The HSV-1 (17⁺ strain) used in this study was preserved in our laboratory. Viral stocks were propagated in Vero cells. At 72 h post-infection, culture supernatants were harvested, clarified by centrifugation at 3,000 × g for 10 min at 4 °C, aliquoted, and stored at −80 °C. To ensure stable virulence and titers, the viral stock was subjected to 3 consecutive low-passage propagations. Viral titers were quantified using a standard plaque assay on Vero cells and expressed as plaque-forming units per milliliter (PFU/mL).

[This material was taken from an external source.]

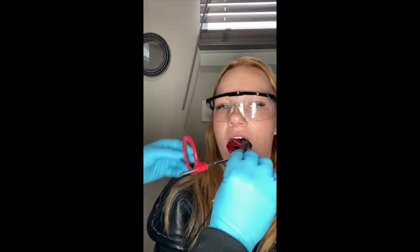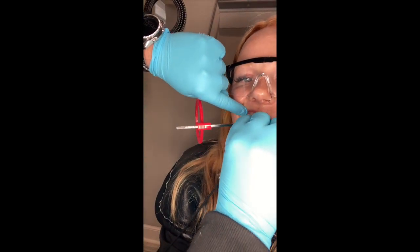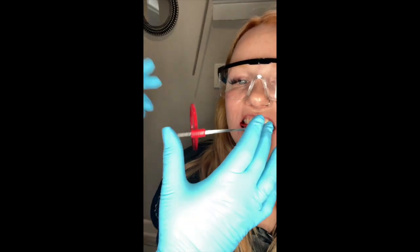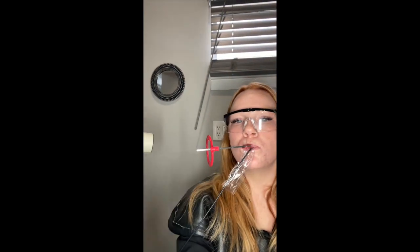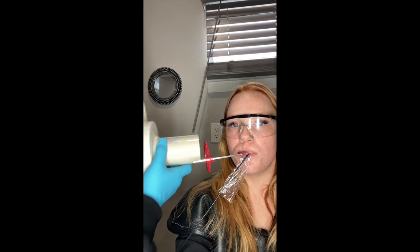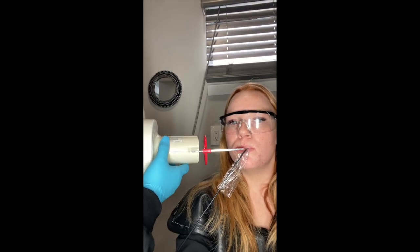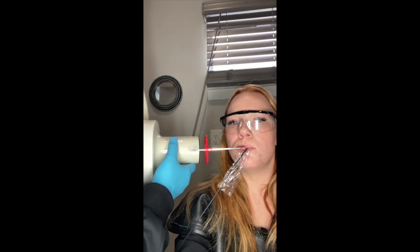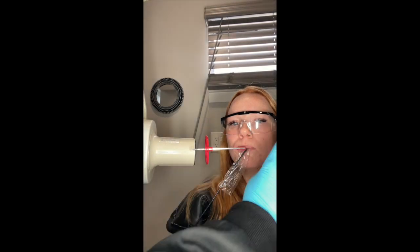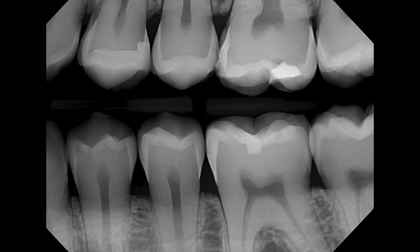I'm just going to slightly turn it. The objective of this one is to get the distal of her canine. Go ahead and bite for me. As long as you can look through your circle and you can see that you have the distal there — that would be your perfect position. You want to make sure that the head of the device is parallel with the x-ray. If it's just like that, that's what we want. Take our x-ray.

Female C57BL/6 J mice (8 weeks old) were purchased from the Laboratory Animal Center of Shanxi Provincial People’s Hospital (Taiyuan, Shanxi, China). Ifnar^−/− mice were purchased from Cyagen Biosciences Inc. (Guangzhou, Guangdong, China). The mice were group-housed in a controlled environment with a temperature of 22 ± 1 °C and a 12-h light/dark cycle, with free access to autoclaved water and standard rodent chow. All animal care and experiments were approved by the Animal Care Committee of Shanxi Agricultural University (Approval number: SXAU-EAW-2025 M&Rr. BQ.004015379).

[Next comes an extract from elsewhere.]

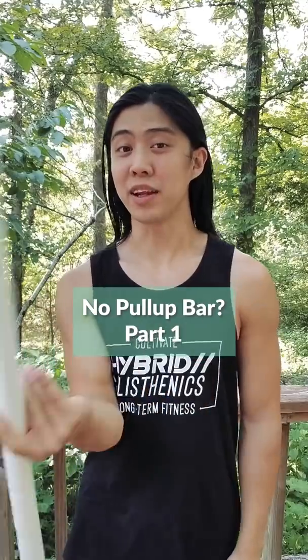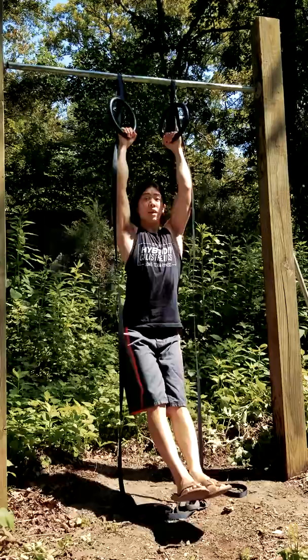Hello my friend! If you have no place to do pull-ups, here are some ideas. In a recent video, I explained how you can use gym rings to do pull-ups or build up to pull-ups. I understand money is tight, so I can teach you how to make your own.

Six-month-old female hedgehogs were purchased from Hunan Fulongkang Breeding Co., Ltd. To prepare hedgehog skin extract (HSE), fat-free epidermal tissue was first snap-frozen in liquid nitrogen and ground into a fine powder using a mortar and pestle. The powder was transferred onto ice, homogenized using a Jingxin Auto Sample Grinder-24 L (Shanghai Jingxin Industrial Development Co., Ltd.), and then lysed with 1 mL of ice-cold lysis buffer per portion of powder. The lysis buffer contained 0.5 M Tris–HCl (pH 8.0), 5 mM EDTA (pH 8.0), 150 mM NaCl, 10 mM MgCl₂, 2% (v/v) 2-ME and a protease inhibitor cocktail. The lysate was incubated at 4 °C for 30 min with gentle rotation to ensure complete lysis and subsequently centrifuged at 12,000 rpm for 15 min at 4 °C. The supernatant was carefully harvested, avoiding both the upper lipid layer and bottom insoluble pellet, to obtain a crude protein extract (Yum et al., 2017). To remove endotoxin, the crude extract was dialyzed at 4 °C using an endotoxin-removing dialysis bag with a molecular weight cutoff of 10 kDa, with endotoxin-free PBS as the external dialysis buffer. The external buffer was replaced three times at appropriate intervals to thoroughly eliminate residual detergents, salts, and endotoxins. Following protein concentration determination via the BCA assay, anti-HSV-1 activity was evaluated by seeding U251 cells in 12-well plates at a density of 1.5 × 10⁵ cells/well and culturing them for 12 h. Cells were then infected with HSV-1 at a multiplicity of infection (MOI) of 0.05 and then immediately treated with hedgehog skin extract (25 or 50 μg/mL) or acyclovir (ACV, 5 μg/mL) for 24 h. Finally, total cellular DNA was extracted and analyzed by quantitative PCR (qPCR).

Hedgehog fibroblast cells were seeded in 12-well plates at a density of 2 × 10⁵ cells per well and cultured for 12 h at 37 °C with 5% CO₂. The cells were then infected with HSV-1 at an MOI of 0.1 for 1 h at 37 °C. After infection, the inoculum was replaced with virus maintenance medium, and incubation continued for 24 h. A blank control group (designated as Vehicle) was included in the experiment. Total RNA was then isolated and subjected to Quantitative RT-PCR (RT-qPCR) analysis.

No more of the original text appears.